Mais aussi parce que sa photo de profil était plutôt sympathique et que son visage avait quelque chose de familier, parce que Camille est un joli prénom, parce l’absence d’informations sur son lieu de résidence, son métier ou encore sa situation de famille ont attisé ma curiosité.

Et parce qu’elle n’avait pas d’amis aussi. Surtout. Une liste de contacts vierge. Zéro. Nada.

… Comme je regrette.

Nous avons fait connaissance, par messagerie interposée. Camille est une jeune fille très attachante. Elle est douée, jolie, intelligente, cultivée. J’aurais préféré conserver une certaine distance, mais j’avoue que je suis rapidement devenue accro. Je guette avec fébrilité ses connexions, je suis tellement impatiente de parler avec elle. Nous avons tant de choses à nous dire ! Comme moi, Camille est passionnée par tout ce qui touche au temps.
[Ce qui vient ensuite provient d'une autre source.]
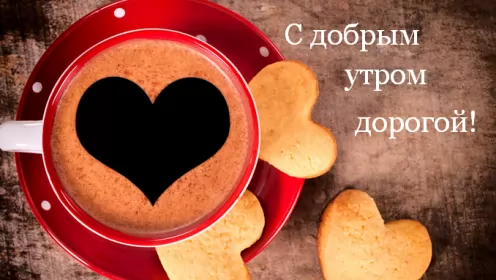 Доброе утро любимый Открытка доброе утро любимый,любовь моя,дорогой,любимый мой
Nous nous sommes mutuellement guidées dans les méandres du web, nous extasiant de nos trouvailles, exhibant nos trophées d’archives oubliées, riant ensemble du grotesque de certaines de nos découvertes inattendues.

… C’est trop tard maintenant.

J’ai commencé à me poser des questions lorsque je lui ai proposé de franchir une étape qui me semblait naturelle dans notre relation : nous parler au téléphone. J’avais envie de connaître le son de sa voix, de pouvoir lui parler sans être ralentie par un clavier. Elle a refusé, à ma grande surprise. Etonnée, et un peu vexée aussi je l’admets, j’ai cherché à comprendre les raisons de ce refus. Elle est restée évasive, n’a pas pu me donner de raison précise, mais restait ferme : c’était non. Devant mon insistance, Camille m’a finalement expliqué que c’était techniquement impossible. Sur le moment, le fait qu’elle soit sourde m’est apparu comme la seule explication plausible à ce refus. Je lui ai alors proposé de nous rencontrer de visu, que nous nous débrouillerions bien pour nous comprendre – je ne connais malheureusement pas la langue des signes – et que j’avais vraiment envie de la voir, de dépasser enfin le clavier… Elle s’est déconnectée brutalement.

J’ai attendu plusieurs jours, inquiète, me demandant pourquoi ma proposition avait provoqué sa fuite. Quel était donc son problème ? Ou son secret ?

… Et elle est revenue.

J’aurais préféré qu’elle ne revienne jamais. J’aurais préféré ne pas savoir. Je ne voulais pas savoir !

Camille est revenue et elle m’a dit. Tout. Elle m’a expliqué le pourquoi, le comment, sa curiosité, la technologie qui évolue si vite, les découvertes scientifiques, ses propres recherches.

C’est trop tard maintenant parce que je sais.

Camille est mon incompressible fatalité, absolue, inaltérable, et inacceptable. Camille est mon arrière-petite-fille.